**Problem:** Drop the pictures; give again exactly the lines from the one holding "Vintage Turkish Kilim Rug 18'' x 41''" through the end of the data.

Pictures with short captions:
== Segment start ==

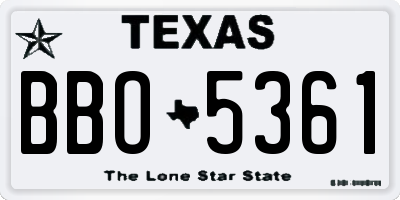 TX license plate BBO5361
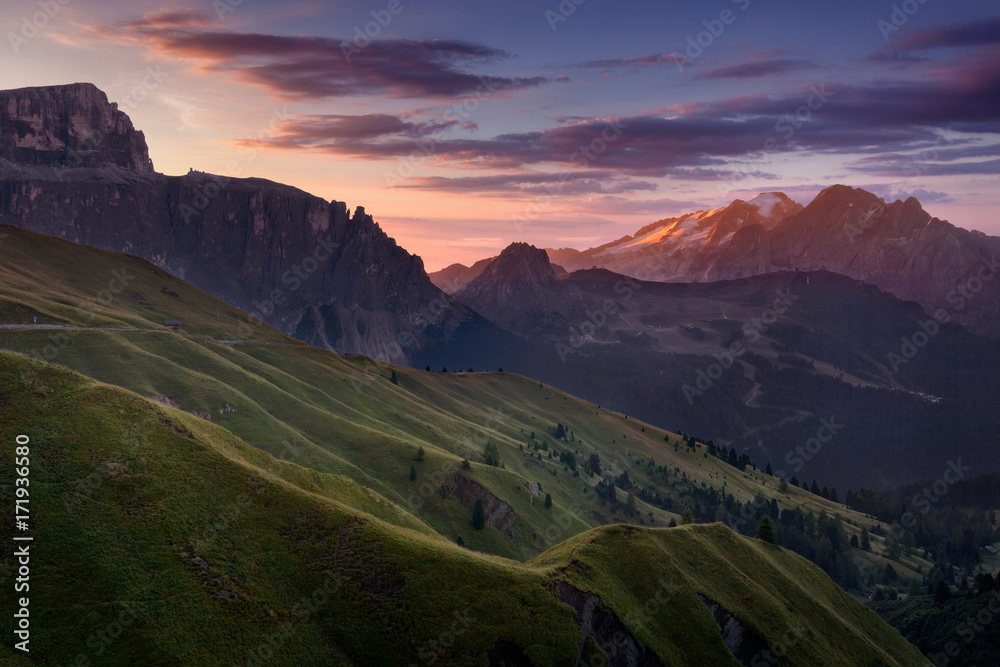 Mountain landscape at idyllic dawn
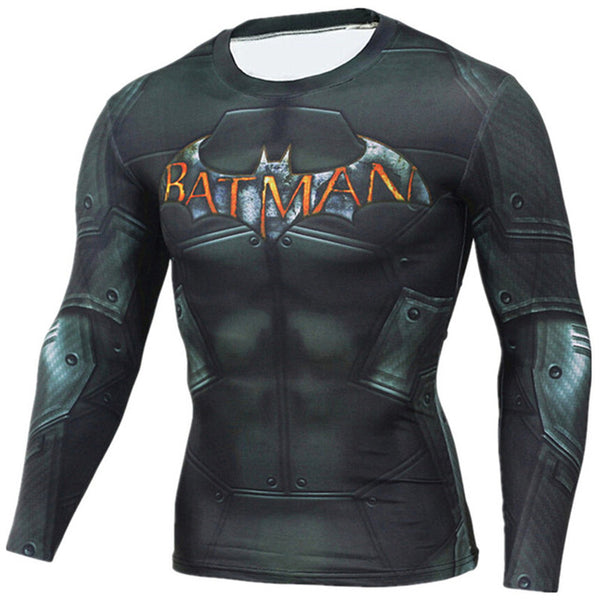 Hot Sale Fitness MMA Compression Shirt Men Anime Bodybuilding Long Sleeve Crossfit 3D Superman Punisher T Shirt Tops Tees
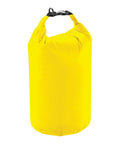 A vibrant yellow QX615 dry bag by Quadra featuring a roll-top closure and a black buckle on top.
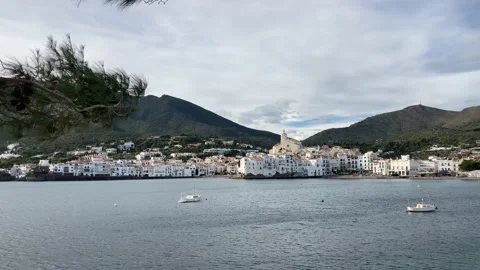 Summer scene of bay town of Cadaques in Spain. Beautiful white city. 4K UHD Stock Footage 156337797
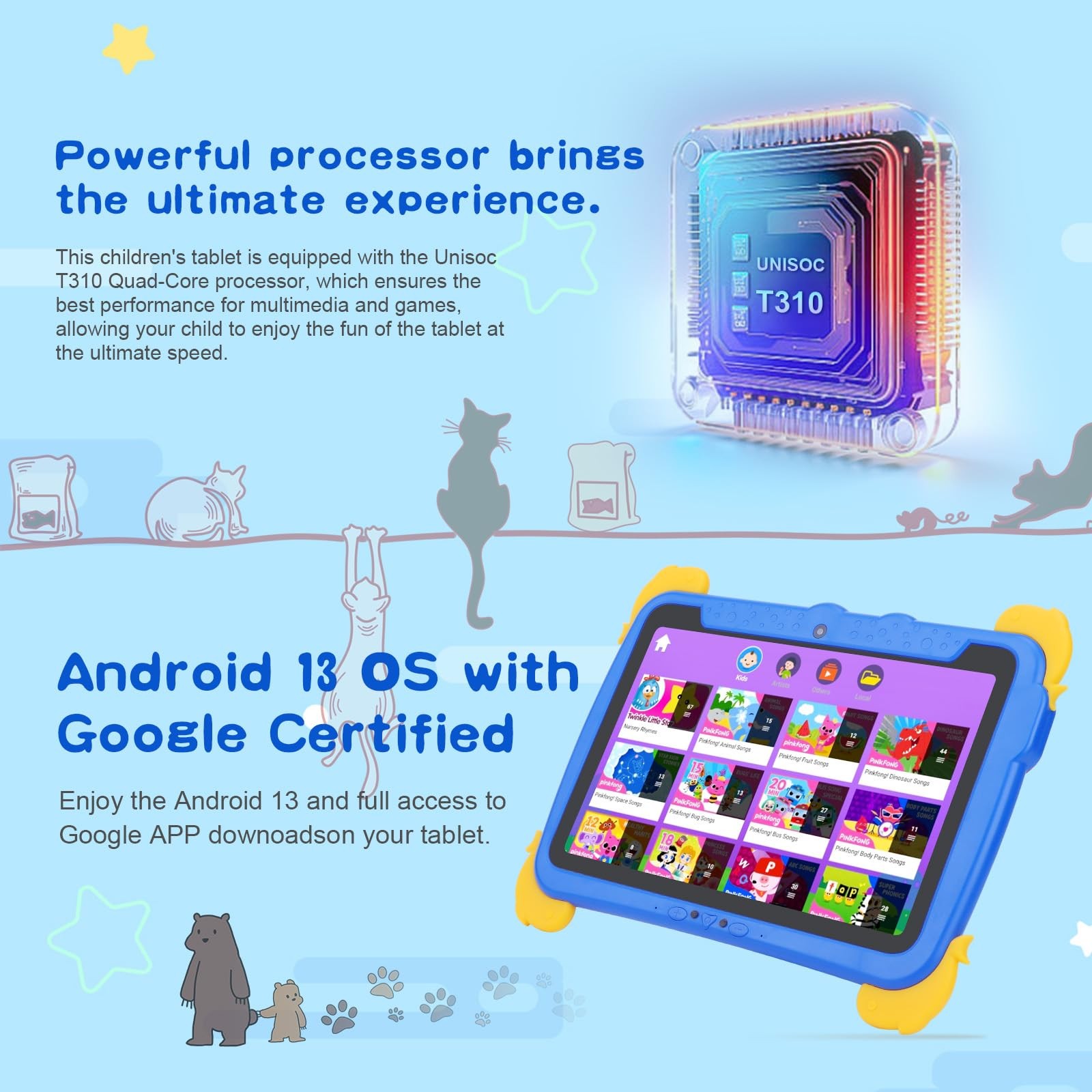 C idea Android 13 Kids Tablet,10.1 inchTablet for Kids,Children Tablet 4GB RA…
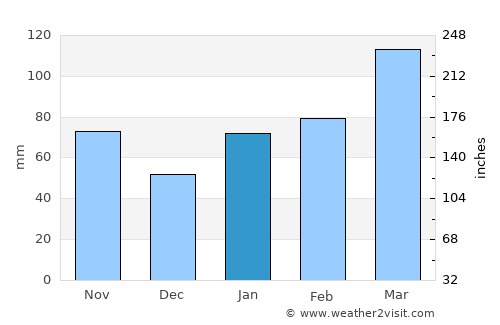 Amagi average rain in January
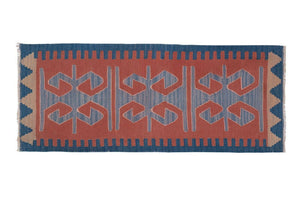 Vintage Turkish Kilim Rug 18'' x 41''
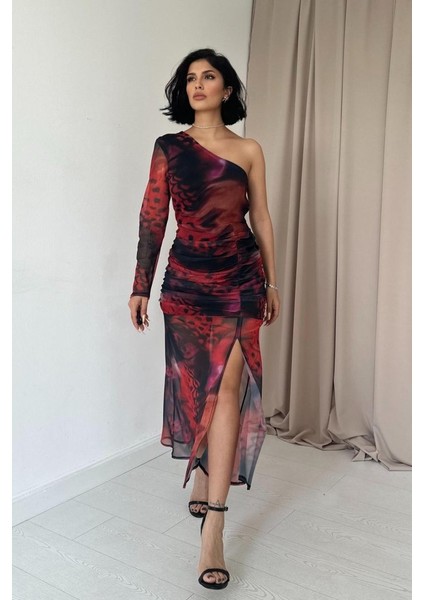 Kırmızı Tek Omuzlu Tül Elbise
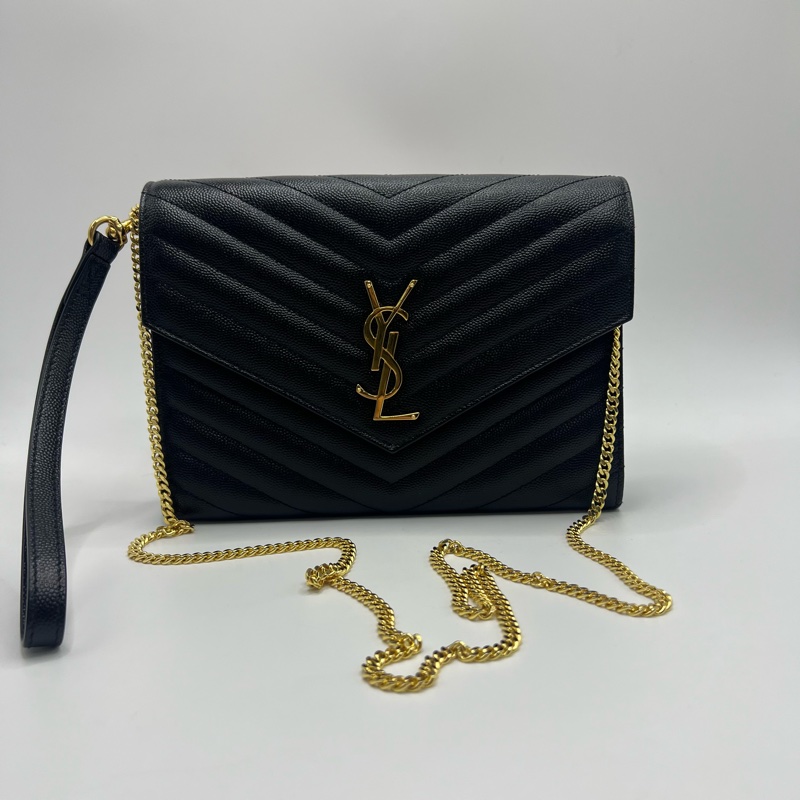 YSL/圣罗兰+黑金链条信封包-0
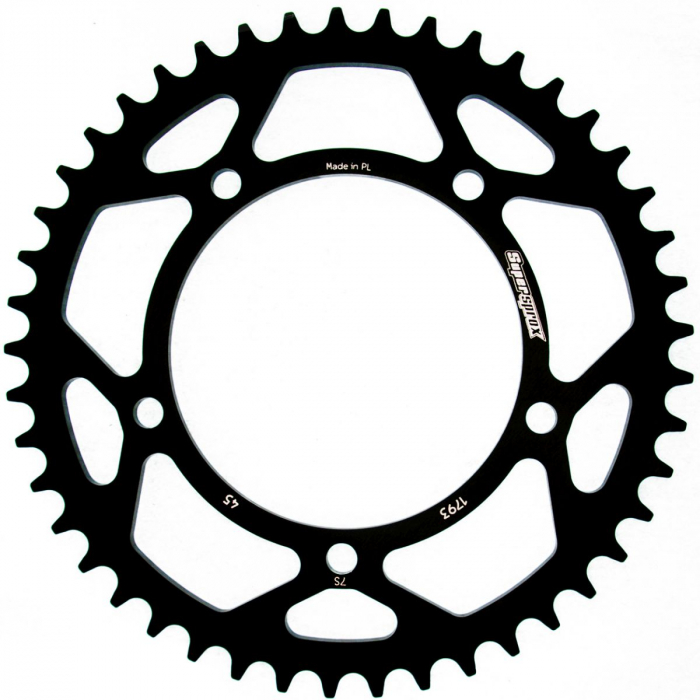 Rear ALU sprocket SUPERSPROX RAL-1793:45-BLK Negru 45T, 520 [1]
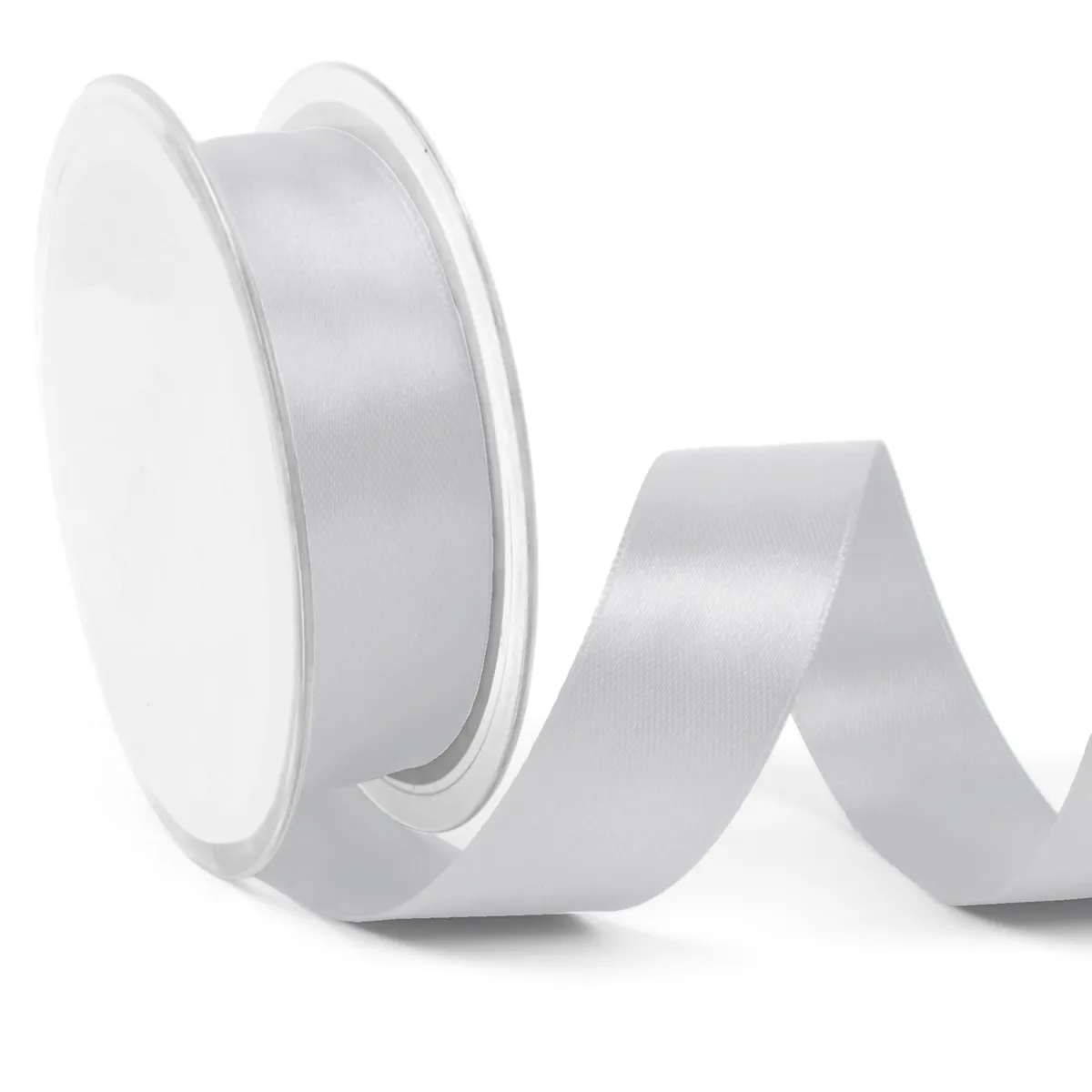 Satijnlint grijszilver 25 mm (25 meter)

== Segment end ==

**Output of the exercise:**
 Vintage Turkish Kilim Rug 18'' x 41''
 Kırmızı Tek Omuzlu Tül Elbise
 YSL/圣罗兰+黑金链条信封包-0
 Rear ALU sprocket SUPERSPROX RAL-1793:45-BLK Negru 45T, 520 [1]
 Satijnlint grijszilver 25 mm (25 meter)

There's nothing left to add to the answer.